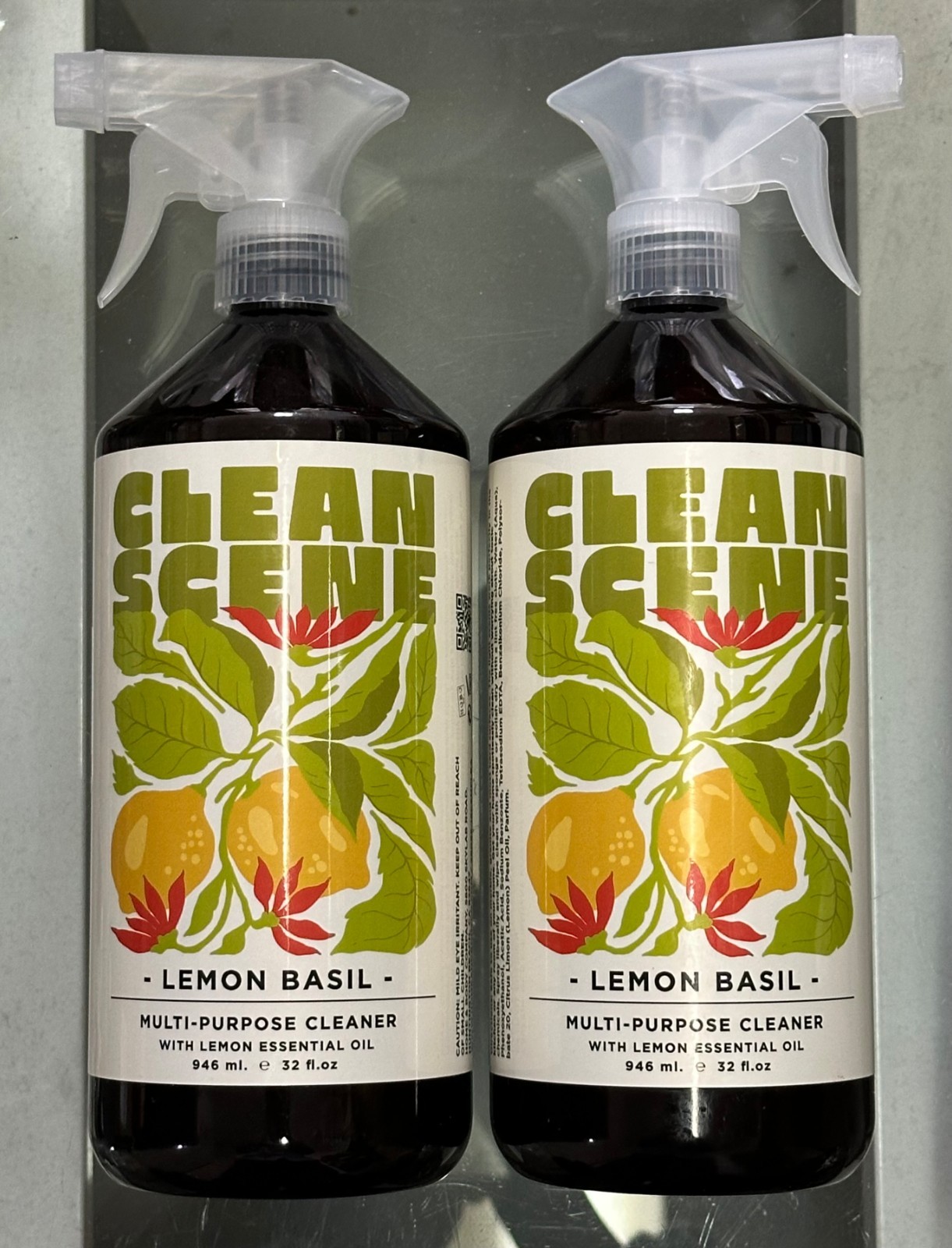(2-Pack) CLEAN SCENE Kitchen Multi Purpose REFRESHER & CLEANER ~ LEMON BASIL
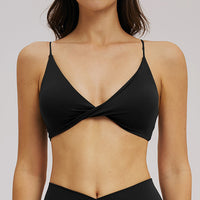 Deep V Front-Twist Fitness Bra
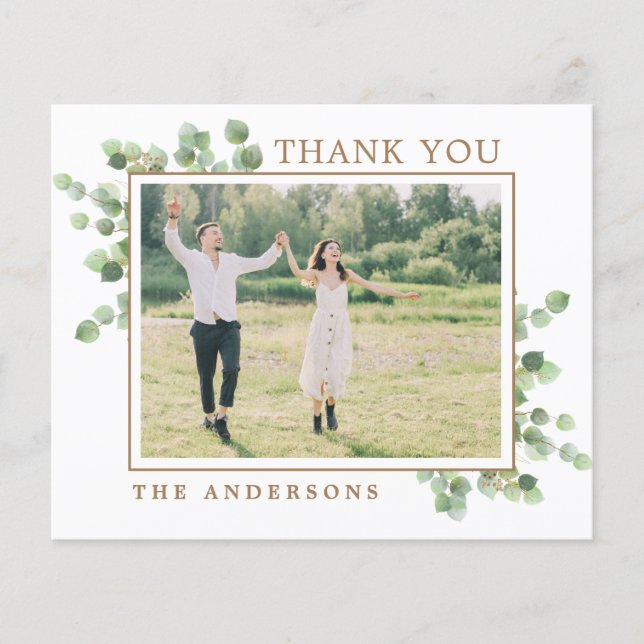 Budget Eucalyptus Greenery Wedding Thank You (Front)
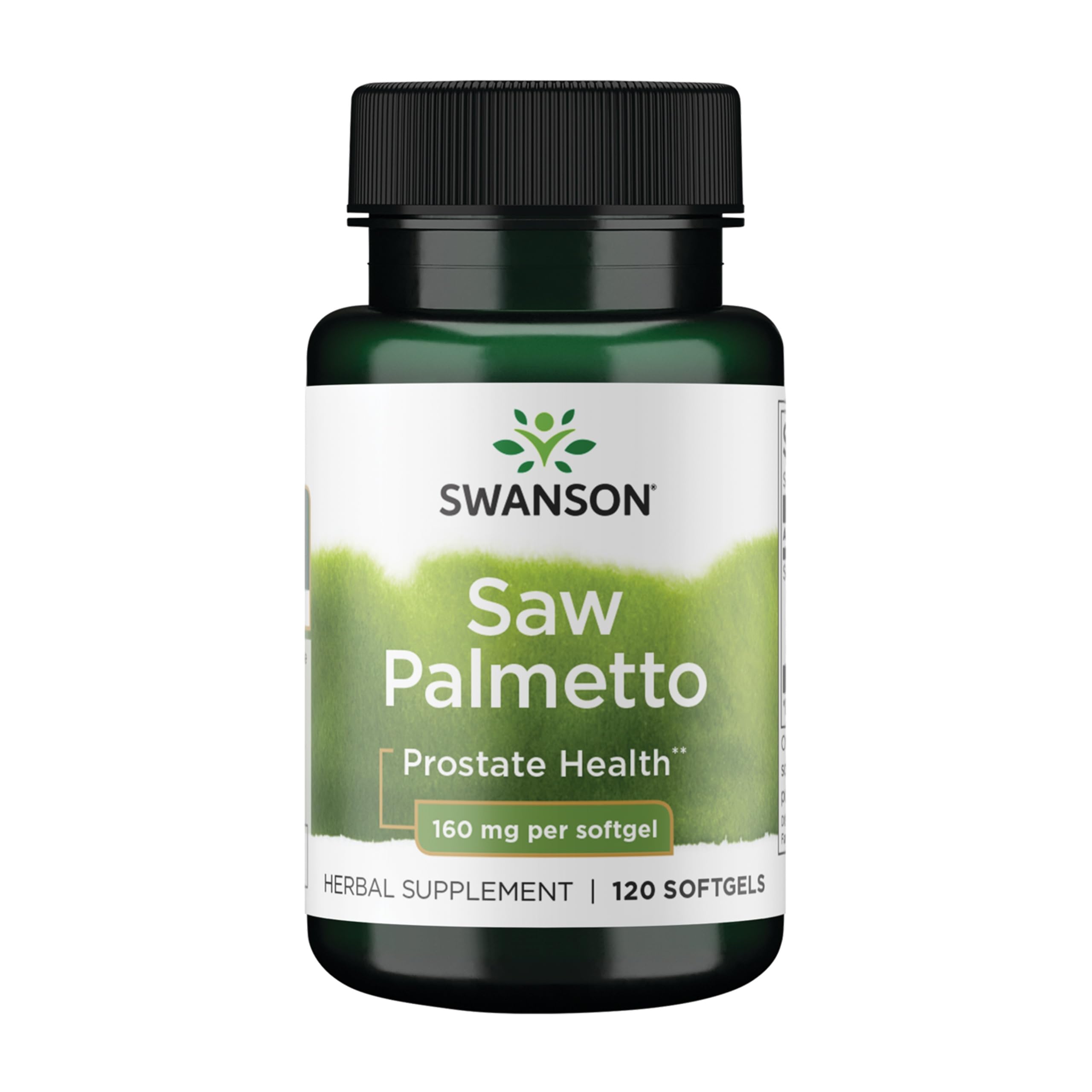 Swanson Saw Palmetto Men Prostate Health bottle showing 160 mg capsules for daily urinary support.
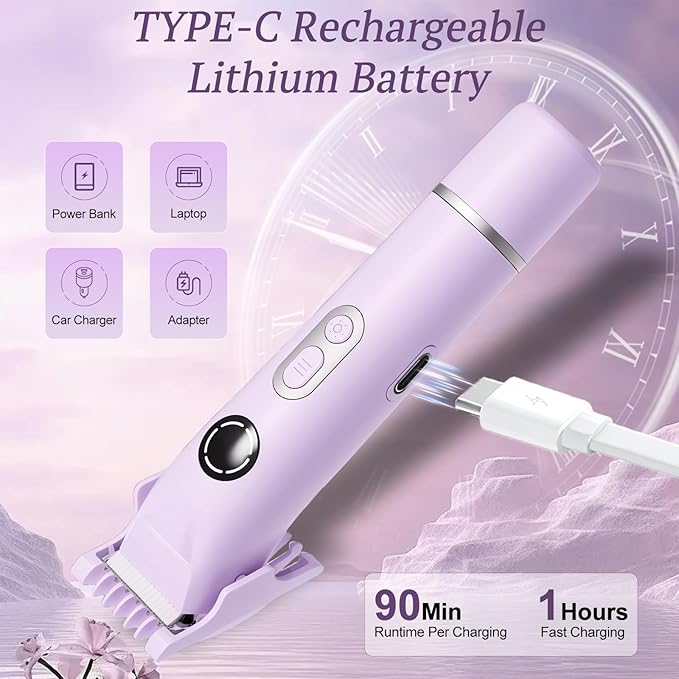 Bikini Trimmer for Women, 4 in 1 Wet/Dry Electric Razors for Women - Dual Head, Painless Rechargeable Portable Womens Razors for Shaving Set for Face, Nose, Eyebrows, Armpits, Bikini Area (Purple)-VivaGrace Women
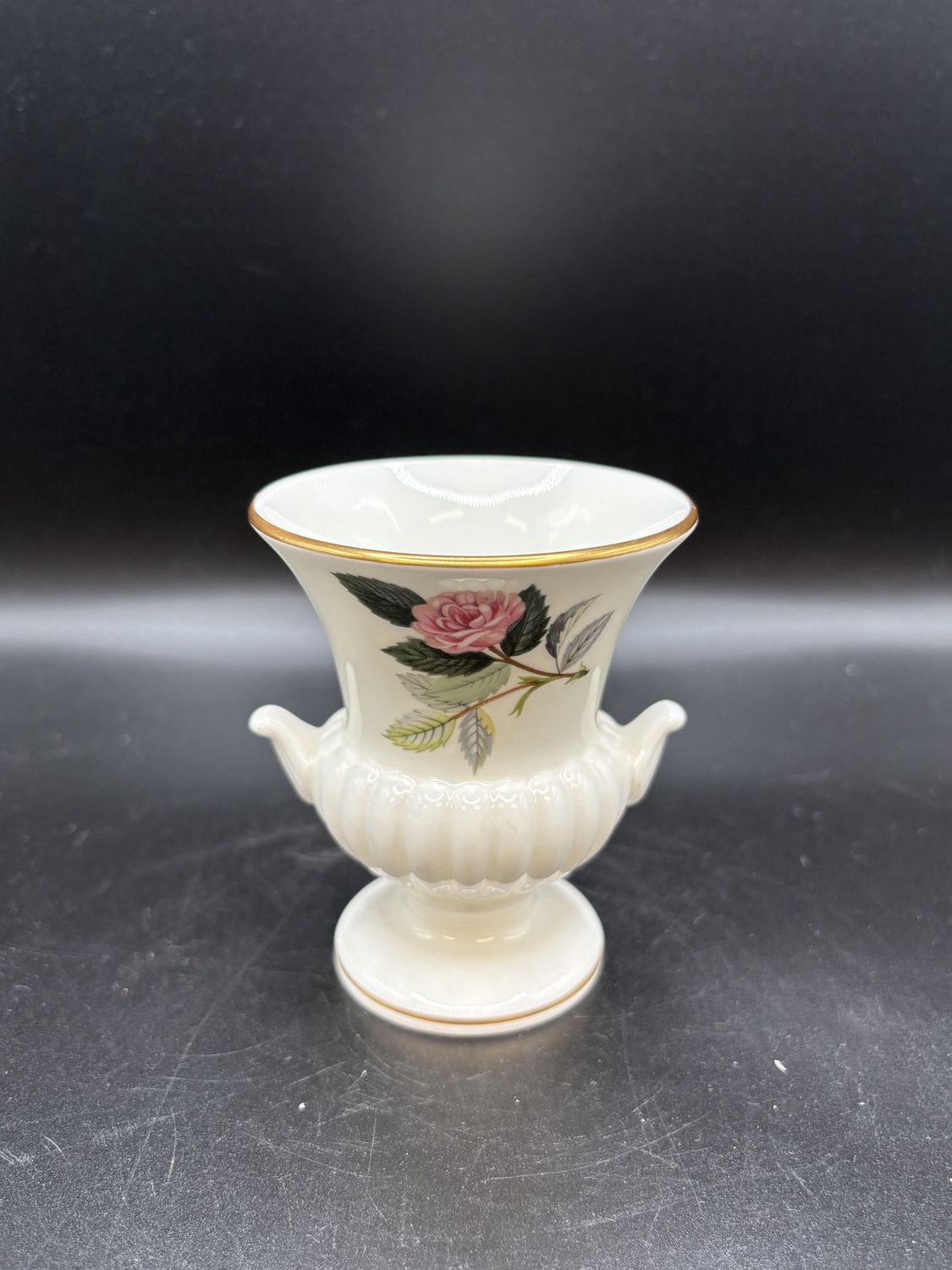 Porcelain. England. Wedgwood. Mini Bud Vase w/Hathaway Rose. 3.5&quot;H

++++++

**TASK DESCRIPTION**.
Pictures in the listing above must be skipped; everything else should be copied exactly.

**ANSWER**.
(2-Pack) CLEAN SCENE Kitchen Multi Purpose REFRESHER & CLEANER ~ LEMON BASIL
 Deep V Front-Twist Fitness Bra
 Budget Eucalyptus Greenery Wedding Thank You (Front)
 Swanson Saw Palmetto Men Prostate Health bottle showing 160 mg capsules for daily urinary support.
 Bikini Trimmer for Women, 4 in 1 Wet/Dry Electric Razors for Women - Dual Head, Painless Rechargeable Portable Womens Razors for Shaving Set for Face, Nose, Eyebrows, Armpits, Bikini Area (Purple)-VivaGrace Women
 Porcelain. England. Wedgwood. Mini Bud Vase w/Hathaway Rose. 3.5&quot;H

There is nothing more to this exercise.